INSTRUCTIONS TO FOLLOW: For the data below, transcribe the part that opens with the line containing "Building Photo - $2,550" and closes with the line containing "Anthropologie Jewelry - Elegant", exactly and with no pictures.

WORKING DATA: Begin

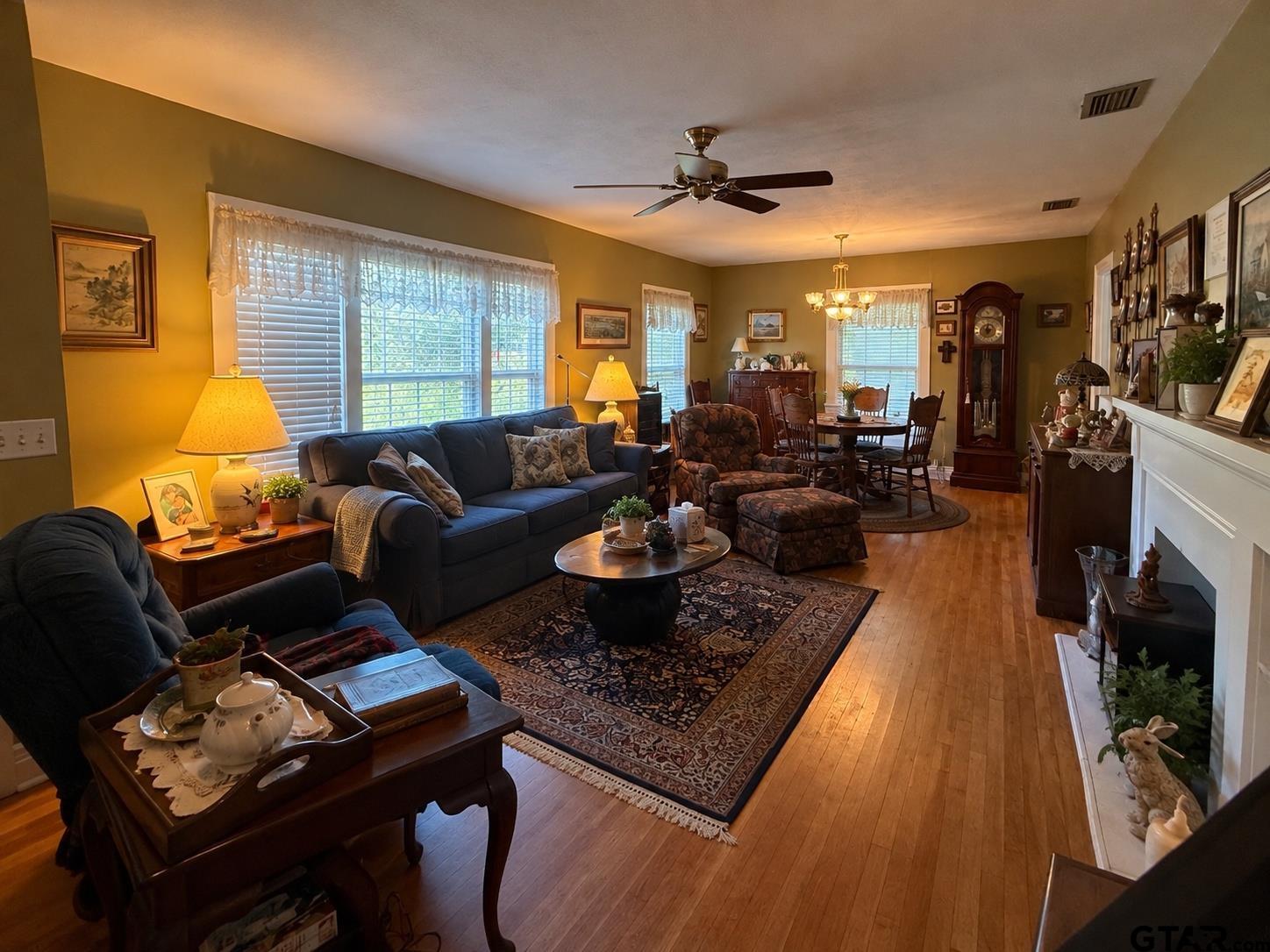 501 Live Oak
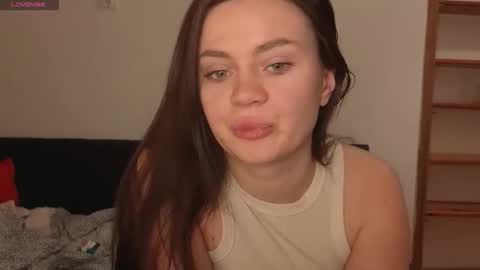 Snapshot of missevax_ chatting on February 4, 12:27 am Eva online show from February 4, 12:27 am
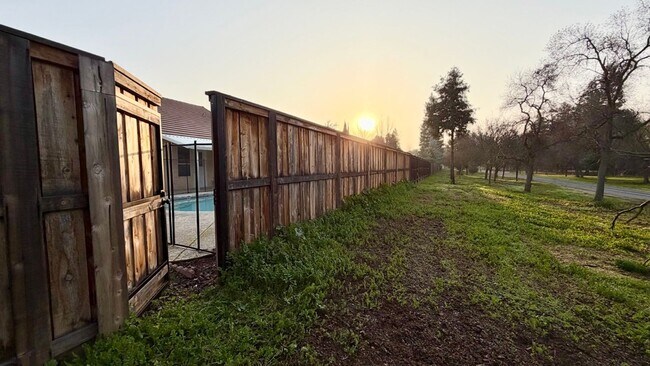 Building Photo - $2,550 Peach & Alluvial, Pool + Clovis Trail Access | W. Fallbrook Ave, Clovis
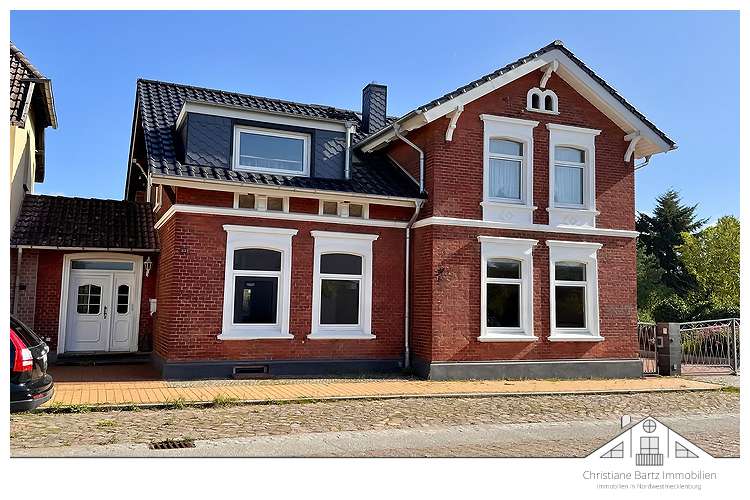 Haus zum Kaufen in Warin 199.750 € 200 m² 7 zimmer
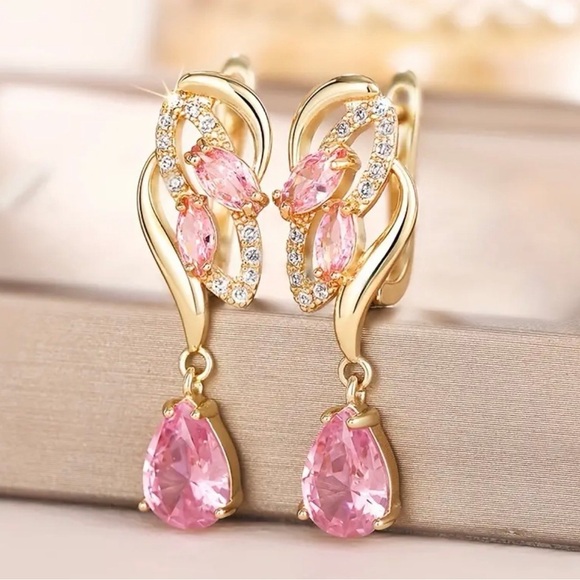 Anthropologie Jewelry - Elegant Gold and Pink Crystal Earrings.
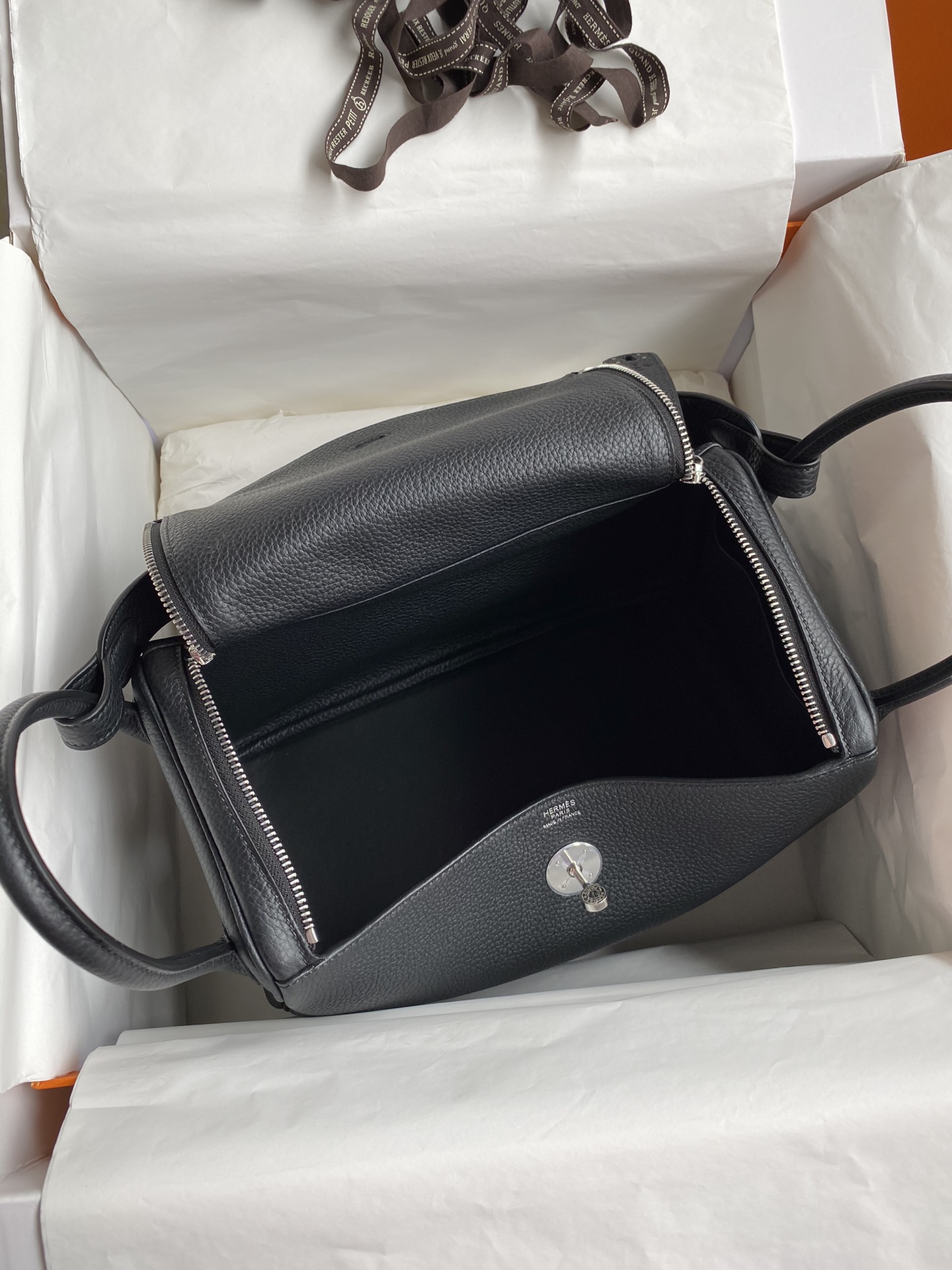 [TOP] HERMES Lindy Taurillon Clemence Leather 30 CM - Black - SHW/GHW - 711 Luxury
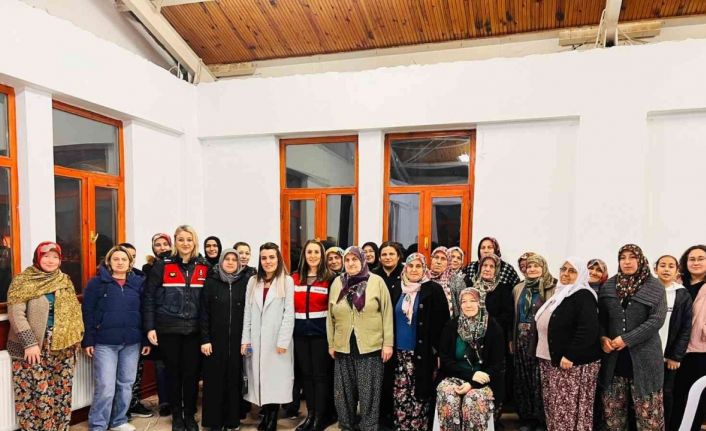 Isparta’da 158 vatandaş “En İyi Narkotik Polisi Anne ve Siber Suçlarla Mücadele Eğitimi” aldı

WORKING DATA: End

EXPECTED ANSWER:
 Building Photo - $2,550 Peach & Alluvial, Pool + Clovis Trail Access | W. Fallbrook Ave, Clovis
 Haus zum Kaufen in Warin 199.750 € 200 m² 7 zimmer
 Anthropologie Jewelry - Elegant Gold and Pink Crystal Earrings.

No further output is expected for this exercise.